Over the past years, we’ve seen amazing breakthroughs in technology and impressive progress in voice synthesis. Synthetic speech has come an extremely long way since the early, robotic days. Today, the leading text-to-speech engines feature human-sounding tone and inflection, rising tonality at the end of sentences where appropriate and a whole spectrum of expressive “colour” that can make it quite challenging to distinguish the human from the machine. This is true both true for the ear and when trying to spot the difference between text-to-speech sound waves and human ones.
One of the core attributes to look for in TTS is Accuracy – the degree of closeness of the synthetic soundwave values to the “true value”, the human voice. When assessing the quality of TTS software, experts rate performance in terms of challenging performance, like, for example, how it handles acronyms, abbreviations, numbers, words in other languages, names and addresses, heteronyms. The strategies applied to make a speech engine accurate are an intricate combination of a complex voice creation process and the resources it has available to produce accurate speech output in tricky situations.

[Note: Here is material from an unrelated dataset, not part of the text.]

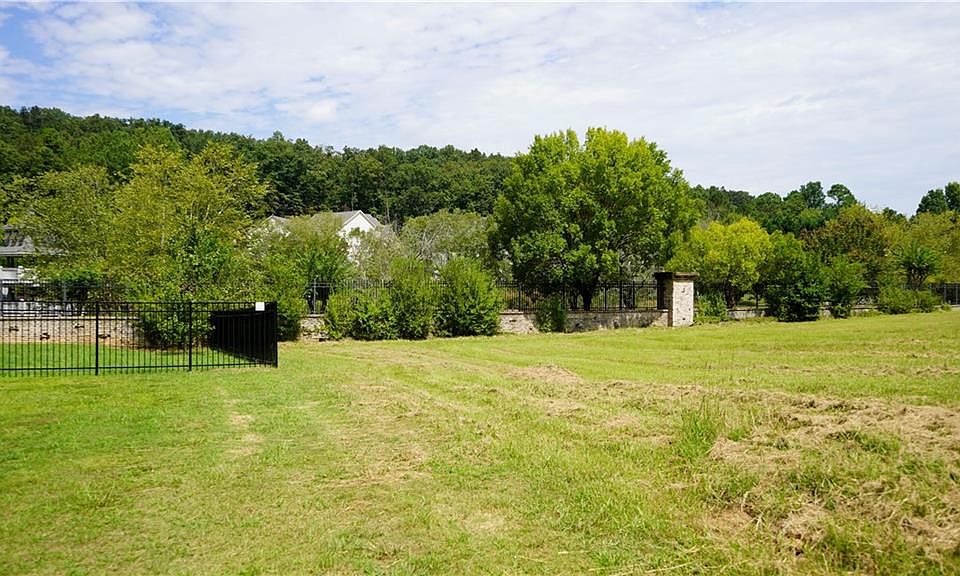 1st image of 46 Mountainbrook Dr NW
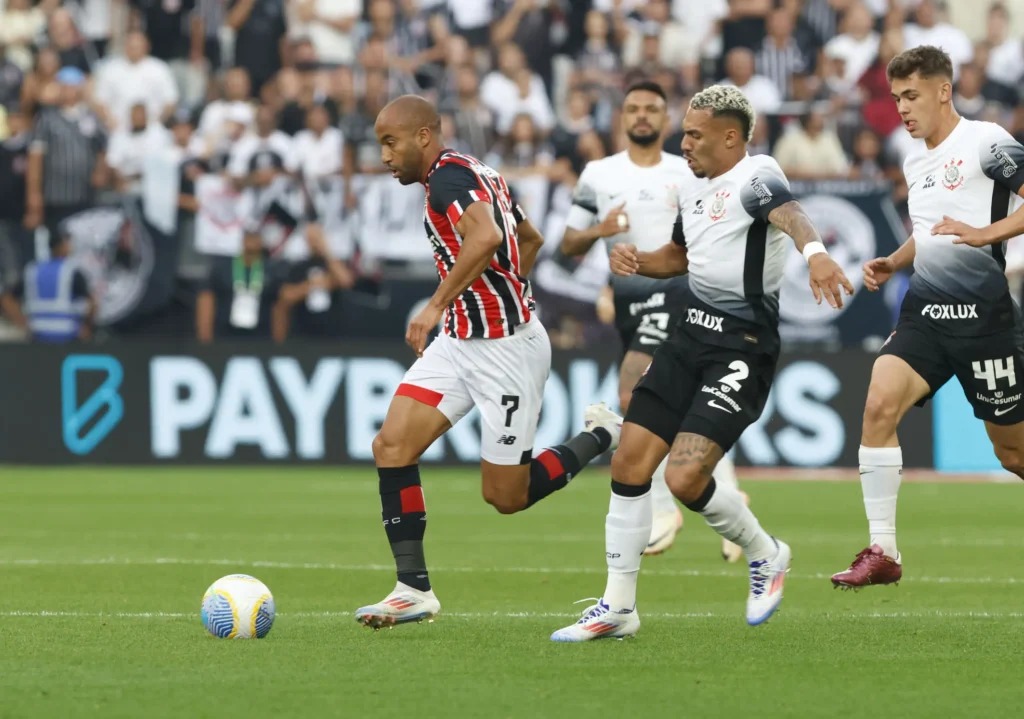 São Paulo x Corinthians: onde assistir e escalações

rSpeak Technologies applies a unique combination of text normalization, lexical lookup, grapheme to phoneme modelling, prosody modelling, manuscript creation, recording of voice talent and acoustic database creation to ensure that the quality of rSpeak Text to Speech is extremely accurate. This meticulous approach is appreciated by rSpeak customers and its success is also demonstrated by the fact that rSpeak’s American English female voice Sophie beat the leading speech engines in a recent industry benchmark conducted by ASR News (2016 Text-to-Speech Accuracy Testing report), achieving an outstanding overall accuracy rate of 98.6 on a test corpus of over fifteen hundred phrases.